Geschrieben am 6. November 2013 von für Musikmag

Stagetime: Editors – Wiesbaden, Schlachthof, 1.11.2013

Foto: Matt Spalding

Foto: Matt Spalding

Querschnitt durch die Bandgeschichte

– Der vergangene Freitag war der erste, triste Novembertag des Jahres. Regen und Sturm setzten ein, als sich eine lange Schlange vor dem „Schlachthof“ in Wiesbaden bildete. Auf die Stimmung der meisten Wartenden hatte das Wetter an diesem Abend allerdings keinen Einfluss, große Vorfreude auf das bevorstehende Konzert der Editors war spürbar. Verständlich, denn beinahe hätte es diese Tour nie gegeben.

Die Trennung von Gründungsmitglied Chris Urbanowicz schien 2012 die einzige Möglichkeit, eine Auflösung der Gruppe aufgrund „kreativer Differenzen“ zu verhindern. Mit neuem Bassisten und dem vierten Werk „The Weight Of Your Love“ sind sie in diesem Sommer wieder in der Öffentlichkeit erschienen. Mit Urbanowicz haben sich die Editors aber offensichtlich auch von einem Großteil der Schwermut in ihrer Musik getrennt. Auf dem neuen Album sind die Briten musikalisch endgültig beim Stadionrock und großen Gesten angekommen: „A Ton Of Love“ oder „Formaldehyde“ klingen beinahe mehr nach U2 als das Original selbst, und „Honesty“ könnte unentdeckt auf einem Coldplay-Album versteckt werden. Es fällt manchmal schwer, das vorbehaltlos zu mögen.

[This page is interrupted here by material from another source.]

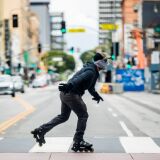 LOS ANGELES, CALIFORNIA - APRIL 08: A person in a face covering rollerblades on a crosswalk during the coronavirus pandemic on April 08, 2020 in Los Angeles, California. COVID-19 has spread to most countries around the world, claiming almost 70,000 lives with infections nearing 1.3 million people. (Photo by Rich Fury/Getty Images)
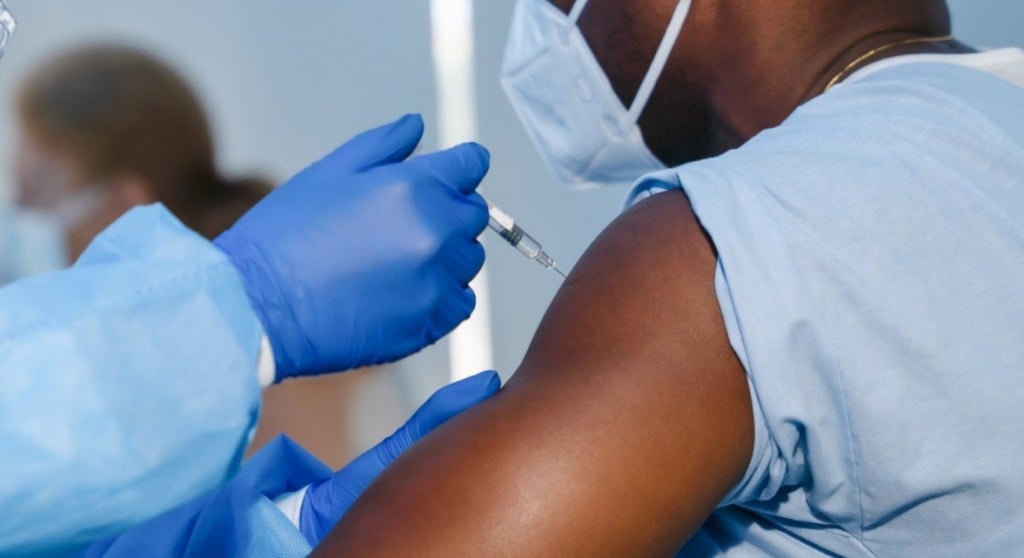 Hand Of Medical Staff In Blue Glove Injecting Coronavirus Covid 19 Vaccine In Vaccine Syringe To Arm Muscle Of African American Man For Coronavirus Covid 19 Immunization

Am Freitag präsentierte man den neuen Sound jedenfalls einem gespannten Publikum in Wiesbaden. Dass die Editors trotz aller Referenzen weiterhin uneingeschränkt nach Editors klingen und keinen einzigen Fan verschrecken, liegt vor allem an Tom Smith. Seine einzigartige Stimme überbrückt und verbindet die unterschiedlichen musikalischen Phasen und lockte an diesem Abend ein bunt gemischtes Konzertpublikum in die gut gefüllte Halle. Und das sollte nicht enttäuscht werden: Mit „Sugar“, „Someone Says“ und „Smokers Outside The Hospital Doors“ waren gleich die ersten drei Songs Höhepunkte von drei verschiedenen Alben.

So ging es munter weiter: den gesamten Abend kann man als musikalischen Querschnitt durch die Bandgeschichte bezeichnen. Natürlich durften Klassiker wie „Munich“ und „All Sparks“ vom Debütalbum nicht fehlen, nicht zuletzt wegen der etwas übertriebenen Lautstärke war man zwischendurch aber auch für ruhige Momente dankbar: Smith solo, nur von akustischer Gitarre begleitet, sang „The Phone Book“ und stellt sogar jene Fraktion für einen Moment ruhig, die Konzerte vor allem als Gelegenheit verstehen, sich endlich einmal richtig unterhalten zu können. Vielen Dank.

Nach etwa zwei Stunden und mehreren Zugaben geht ein gelungener Abend zu Ende. Schließlich erwische ich mich tatsächlich dabei, wie ich nach gefühlten 15 Jahren wieder ein Bandshirt kaufe und trotzdem kurz nachdenke, wie die Editors wohl klingen könnten, wenn Urbanowicz noch an Bord wäre? Und Depeche Mode mit Alan Wilder? Mit einem Hauch Wehmut lege ich „In This Light And On This Evening“ ein und mache mich auf den Heimweg.